* Problem requirements *
Transcribe only the lines of the listing below from the one holding "MOSAIC Gniazdo komputerowe" through the one holding "Toyota C-HR id 4210927 из Китая 23", inclusive, without any change.

* Provided records *
BEGIN

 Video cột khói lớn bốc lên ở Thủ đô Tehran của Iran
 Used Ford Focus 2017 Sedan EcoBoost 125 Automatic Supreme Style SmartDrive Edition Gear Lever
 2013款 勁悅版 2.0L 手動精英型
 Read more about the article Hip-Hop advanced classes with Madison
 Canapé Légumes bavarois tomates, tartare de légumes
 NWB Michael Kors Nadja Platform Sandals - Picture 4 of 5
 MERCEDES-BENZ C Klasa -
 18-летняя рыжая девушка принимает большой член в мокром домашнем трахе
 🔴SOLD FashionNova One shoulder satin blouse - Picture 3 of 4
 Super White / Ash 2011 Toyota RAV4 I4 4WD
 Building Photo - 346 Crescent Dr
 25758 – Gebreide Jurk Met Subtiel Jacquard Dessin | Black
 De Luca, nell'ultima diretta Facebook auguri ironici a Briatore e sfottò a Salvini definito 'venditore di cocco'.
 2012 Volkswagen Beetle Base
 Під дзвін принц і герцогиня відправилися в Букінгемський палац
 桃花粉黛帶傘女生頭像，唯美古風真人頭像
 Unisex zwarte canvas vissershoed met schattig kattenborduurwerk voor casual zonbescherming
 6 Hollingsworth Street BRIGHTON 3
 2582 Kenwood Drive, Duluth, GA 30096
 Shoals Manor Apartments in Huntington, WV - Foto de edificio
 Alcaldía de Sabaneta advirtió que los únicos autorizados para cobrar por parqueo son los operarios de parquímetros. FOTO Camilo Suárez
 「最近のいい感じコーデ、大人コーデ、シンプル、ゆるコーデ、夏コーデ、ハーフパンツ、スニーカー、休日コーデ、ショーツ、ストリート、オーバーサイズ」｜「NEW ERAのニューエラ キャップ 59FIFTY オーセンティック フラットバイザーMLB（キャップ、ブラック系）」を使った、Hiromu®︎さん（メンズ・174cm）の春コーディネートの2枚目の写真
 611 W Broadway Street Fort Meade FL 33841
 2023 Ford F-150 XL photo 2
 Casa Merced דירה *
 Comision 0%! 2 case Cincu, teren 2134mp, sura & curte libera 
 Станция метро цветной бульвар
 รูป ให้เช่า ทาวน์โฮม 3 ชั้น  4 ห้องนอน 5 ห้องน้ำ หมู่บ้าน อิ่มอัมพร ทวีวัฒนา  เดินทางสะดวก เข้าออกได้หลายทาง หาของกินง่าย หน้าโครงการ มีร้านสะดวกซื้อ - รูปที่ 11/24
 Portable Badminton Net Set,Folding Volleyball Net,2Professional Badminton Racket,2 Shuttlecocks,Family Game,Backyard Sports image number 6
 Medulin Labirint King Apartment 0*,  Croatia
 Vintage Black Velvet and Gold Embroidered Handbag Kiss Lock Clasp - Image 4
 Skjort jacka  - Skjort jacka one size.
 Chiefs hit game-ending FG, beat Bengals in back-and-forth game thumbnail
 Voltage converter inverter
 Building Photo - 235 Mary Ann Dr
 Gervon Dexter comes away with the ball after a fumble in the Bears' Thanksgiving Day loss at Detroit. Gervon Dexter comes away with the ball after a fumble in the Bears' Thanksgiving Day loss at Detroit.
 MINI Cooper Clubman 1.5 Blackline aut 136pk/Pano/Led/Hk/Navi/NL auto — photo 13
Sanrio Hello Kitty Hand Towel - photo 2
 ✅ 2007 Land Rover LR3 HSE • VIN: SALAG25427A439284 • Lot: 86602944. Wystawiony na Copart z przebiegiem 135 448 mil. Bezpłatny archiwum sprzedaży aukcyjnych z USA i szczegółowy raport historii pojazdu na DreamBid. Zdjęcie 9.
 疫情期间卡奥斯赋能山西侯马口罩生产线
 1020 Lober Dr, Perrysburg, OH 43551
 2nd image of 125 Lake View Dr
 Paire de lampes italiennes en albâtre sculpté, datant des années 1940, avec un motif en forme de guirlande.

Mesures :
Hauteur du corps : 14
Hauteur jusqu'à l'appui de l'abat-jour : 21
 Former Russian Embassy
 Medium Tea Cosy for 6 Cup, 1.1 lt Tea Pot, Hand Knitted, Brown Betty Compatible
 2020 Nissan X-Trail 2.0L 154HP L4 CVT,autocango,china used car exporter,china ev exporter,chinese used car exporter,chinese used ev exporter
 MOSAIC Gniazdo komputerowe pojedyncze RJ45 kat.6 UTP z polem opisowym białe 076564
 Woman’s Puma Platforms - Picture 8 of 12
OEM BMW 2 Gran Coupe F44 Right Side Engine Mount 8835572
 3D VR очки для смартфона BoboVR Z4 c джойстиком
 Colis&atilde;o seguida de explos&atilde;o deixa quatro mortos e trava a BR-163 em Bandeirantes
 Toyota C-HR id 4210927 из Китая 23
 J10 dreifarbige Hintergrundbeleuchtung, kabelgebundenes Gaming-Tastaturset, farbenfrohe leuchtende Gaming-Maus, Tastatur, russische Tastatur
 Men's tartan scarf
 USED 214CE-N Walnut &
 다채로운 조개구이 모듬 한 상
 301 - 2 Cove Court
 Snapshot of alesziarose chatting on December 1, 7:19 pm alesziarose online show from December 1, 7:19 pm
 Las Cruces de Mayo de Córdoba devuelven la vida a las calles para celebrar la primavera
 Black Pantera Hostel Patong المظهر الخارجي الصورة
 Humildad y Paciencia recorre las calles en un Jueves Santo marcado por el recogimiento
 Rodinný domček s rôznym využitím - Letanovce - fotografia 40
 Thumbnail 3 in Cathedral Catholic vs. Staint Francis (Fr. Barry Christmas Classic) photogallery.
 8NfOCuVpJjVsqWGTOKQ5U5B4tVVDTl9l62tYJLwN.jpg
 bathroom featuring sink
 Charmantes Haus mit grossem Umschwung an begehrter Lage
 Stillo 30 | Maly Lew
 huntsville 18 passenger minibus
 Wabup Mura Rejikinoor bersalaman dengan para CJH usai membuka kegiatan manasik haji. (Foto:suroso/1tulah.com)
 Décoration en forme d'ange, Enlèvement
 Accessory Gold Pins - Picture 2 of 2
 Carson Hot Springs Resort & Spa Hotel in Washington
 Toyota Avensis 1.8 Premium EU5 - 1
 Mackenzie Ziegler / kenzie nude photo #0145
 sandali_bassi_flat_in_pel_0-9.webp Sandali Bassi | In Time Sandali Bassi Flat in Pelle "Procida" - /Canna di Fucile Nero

END

* Result for this task *
 MOSAIC Gniazdo komputerowe pojedyncze RJ45 kat.6 UTP z polem opisowym białe 076564
 Woman’s Puma Platforms - Picture 8 of 12
OEM BMW 2 Gran Coupe F44 Right Side Engine Mount 8835572
 3D VR очки для смартфона BoboVR Z4 c джойстиком
 Colis&atilde;o seguida de explos&atilde;o deixa quatro mortos e trava a BR-163 em Bandeirantes
 Toyota C-HR id 4210927 из Китая 23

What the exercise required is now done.